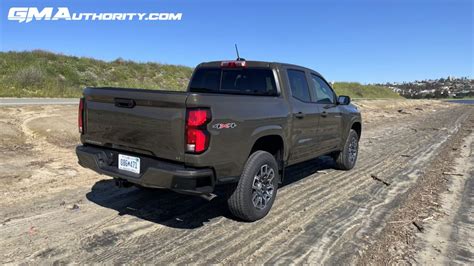 Chevy Colorado Lt In Harvest Bronze Metallic Live Photos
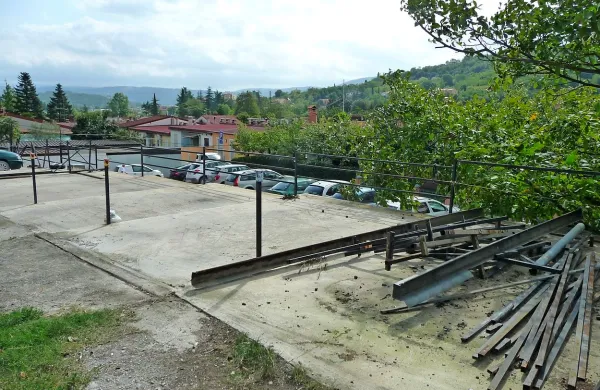 Stanovalci Oljčne poti v Olmu so na lastno pest odstranili 
kovinske montažne konstrukcije nadstrešnic, ki so jih zgradili 
na občinski zemlji. Če tega ne bi storili sami, bi jim občina 
zaračunala stroške rušenja. 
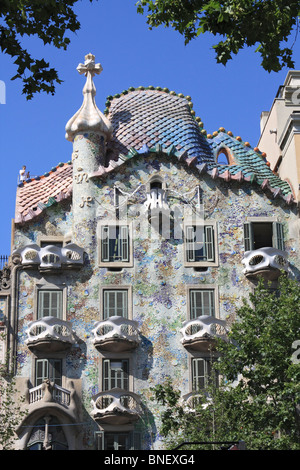 La Casa Batlló restauré et conçu par Antoni Gaudí à Barcelone Catalogne Espagne Banque D'Images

Directions for this task: Once the pictures are set aside, the remaining data must be transcribed exactly.

Completed exercise:
 Chevy Colorado Lt In Harvest Bronze Metallic Live Photos
 Stanovalci Oljčne poti v Olmu so na lastno pest odstranili 
kovinske montažne konstrukcije nadstrešnic, ki so jih zgradili 
na občinski zemlji. Če tega ne bi storili sami, bi jim občina 
zaračunala stroške rušenja. 
 La Casa Batlló restauré et conçu par Antoni Gaudí à Barcelone Catalogne Espagne Banque D'Images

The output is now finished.